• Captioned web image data
*-*-*

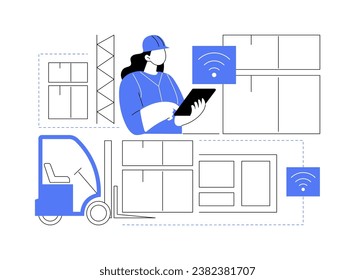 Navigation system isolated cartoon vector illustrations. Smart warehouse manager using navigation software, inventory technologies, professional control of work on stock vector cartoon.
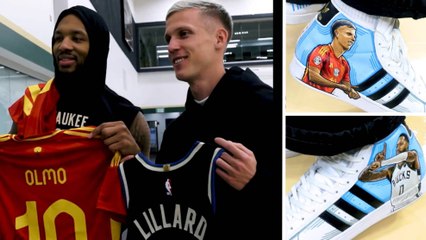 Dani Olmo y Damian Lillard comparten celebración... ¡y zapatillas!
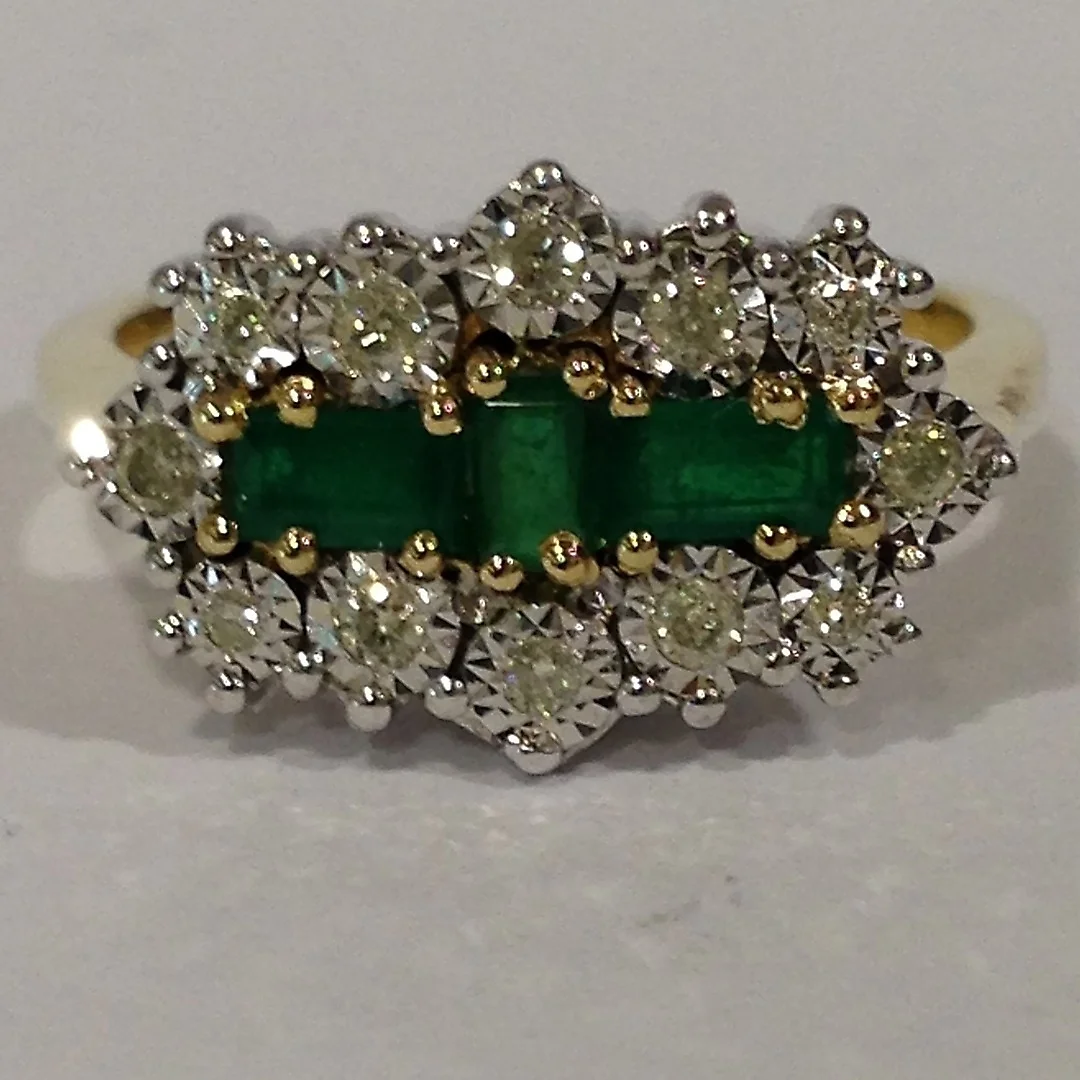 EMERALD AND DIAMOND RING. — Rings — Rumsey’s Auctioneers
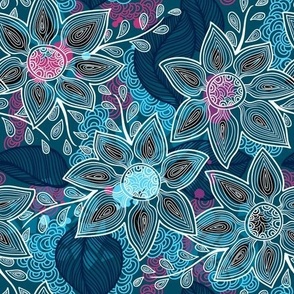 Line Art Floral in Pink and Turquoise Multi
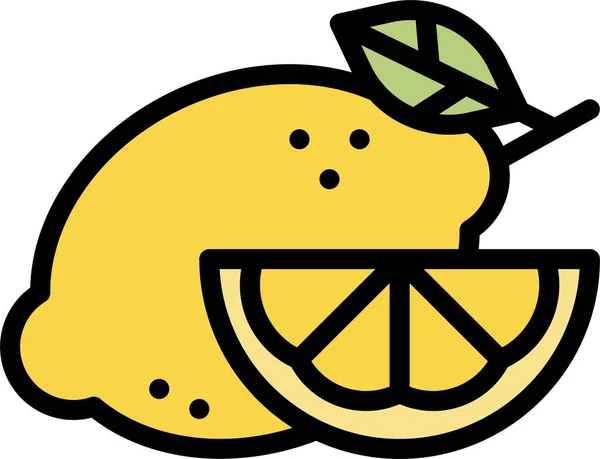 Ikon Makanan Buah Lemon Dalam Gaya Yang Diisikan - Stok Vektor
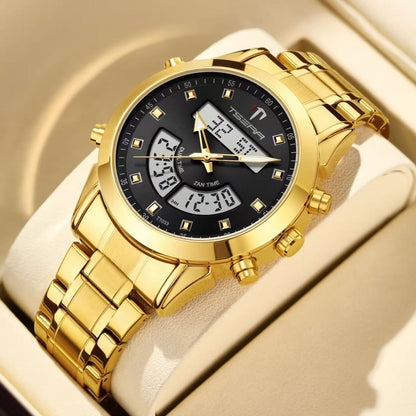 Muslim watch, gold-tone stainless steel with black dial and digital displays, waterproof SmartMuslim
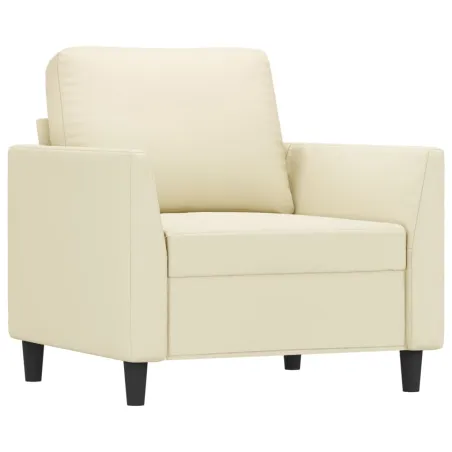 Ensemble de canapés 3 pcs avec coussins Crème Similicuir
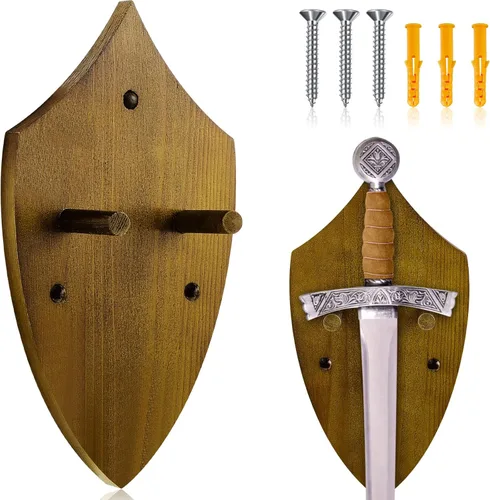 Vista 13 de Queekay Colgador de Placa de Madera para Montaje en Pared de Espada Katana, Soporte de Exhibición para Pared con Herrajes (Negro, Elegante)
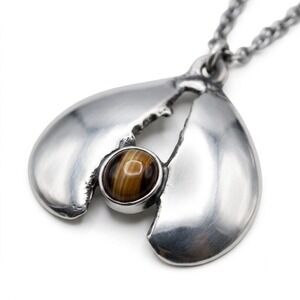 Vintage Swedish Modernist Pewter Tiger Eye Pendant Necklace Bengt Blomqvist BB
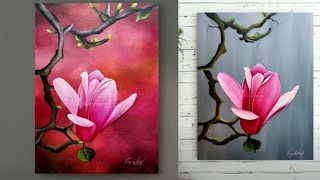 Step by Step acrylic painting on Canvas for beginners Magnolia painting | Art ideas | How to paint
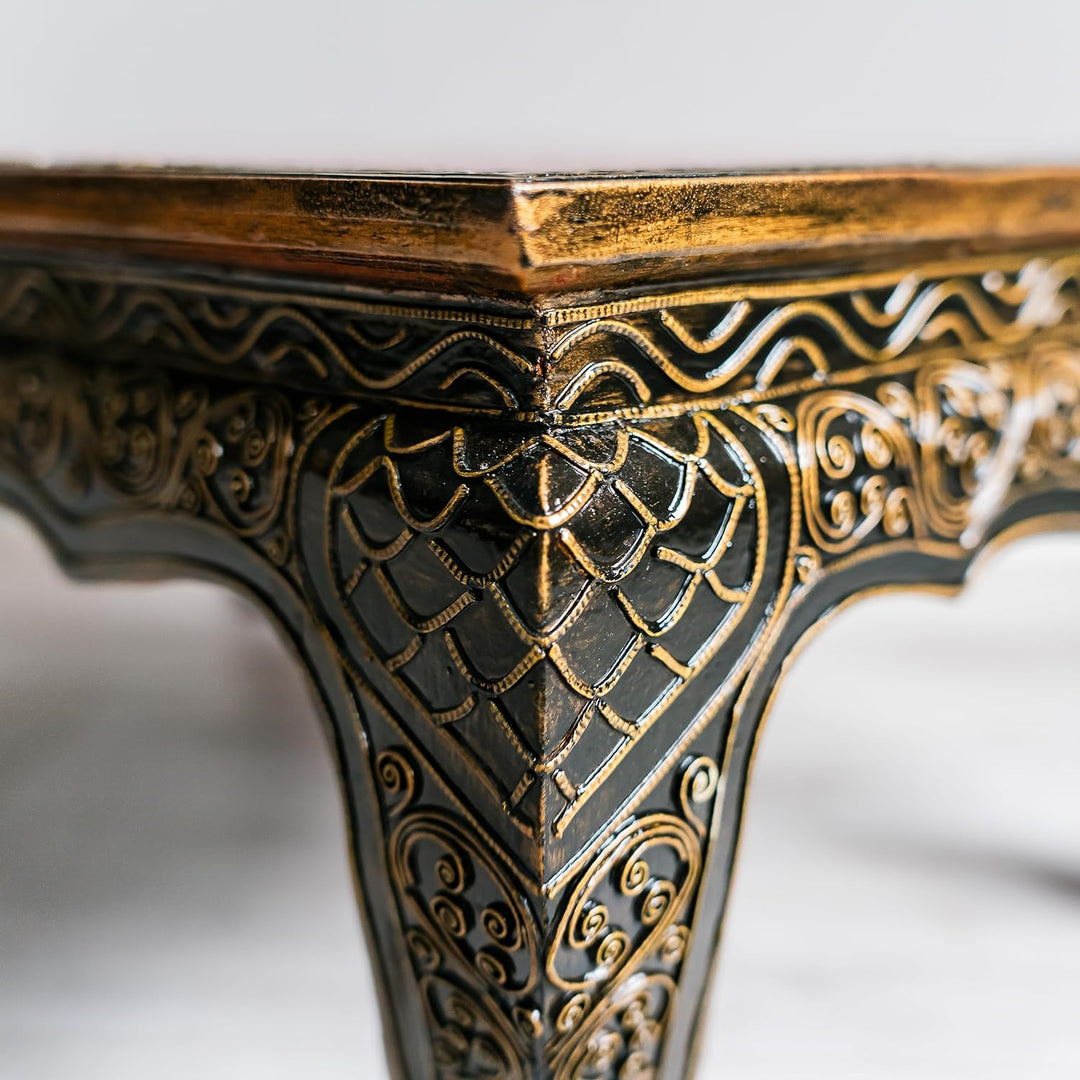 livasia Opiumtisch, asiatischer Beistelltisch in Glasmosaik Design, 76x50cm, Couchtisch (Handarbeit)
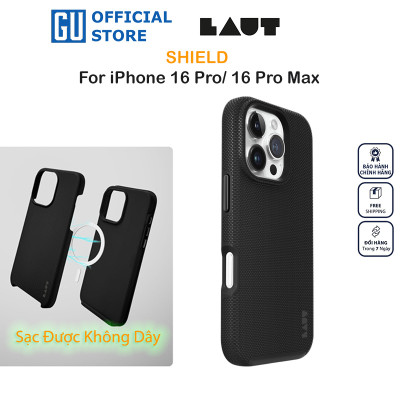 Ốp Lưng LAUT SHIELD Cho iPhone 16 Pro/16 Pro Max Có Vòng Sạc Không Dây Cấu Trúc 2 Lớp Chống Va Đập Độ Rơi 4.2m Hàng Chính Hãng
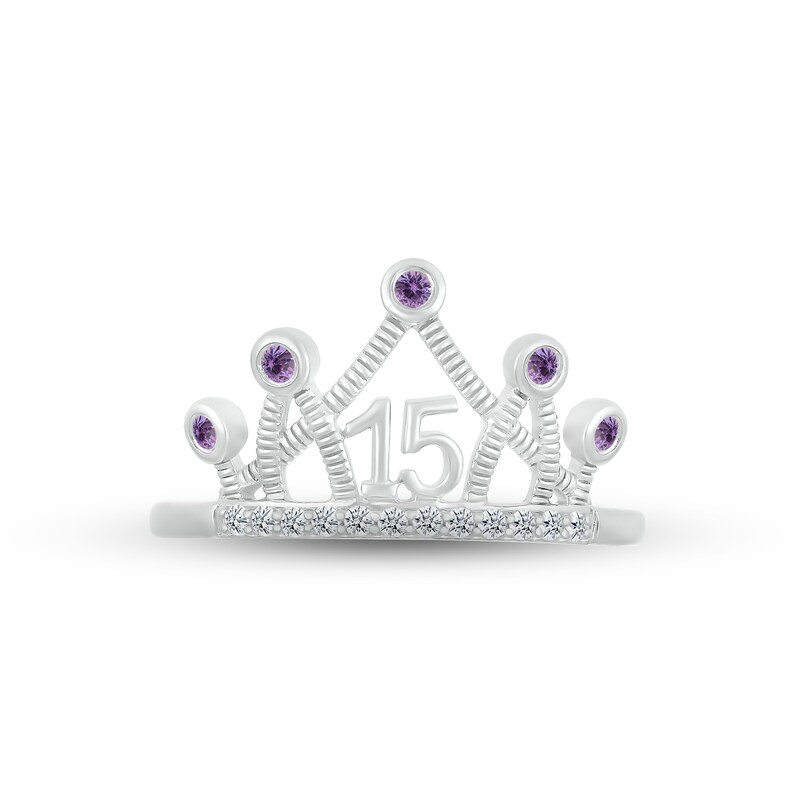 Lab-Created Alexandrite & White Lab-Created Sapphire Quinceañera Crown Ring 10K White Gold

*-*-*

• Task item
In the entries above, find the line that contains "Vintage Swedish Modernist" and the line that contains "Ốp Lưng LAUT". Reproduce exactly those two lines and every line between them, but not the pictures.

• Solution for this task
 Vintage Swedish Modernist Pewter Tiger Eye Pendant Necklace Bengt Blomqvist BB
 Step by Step acrylic painting on Canvas for beginners Magnolia painting | Art ideas | How to paint
 livasia Opiumtisch, asiatischer Beistelltisch in Glasmosaik Design, 76x50cm, Couchtisch (Handarbeit)
 Ốp Lưng LAUT SHIELD Cho iPhone 16 Pro/16 Pro Max Có Vòng Sạc Không Dây Cấu Trúc 2 Lớp Chống Va Đập Độ Rơi 4.2m Hàng Chính Hãng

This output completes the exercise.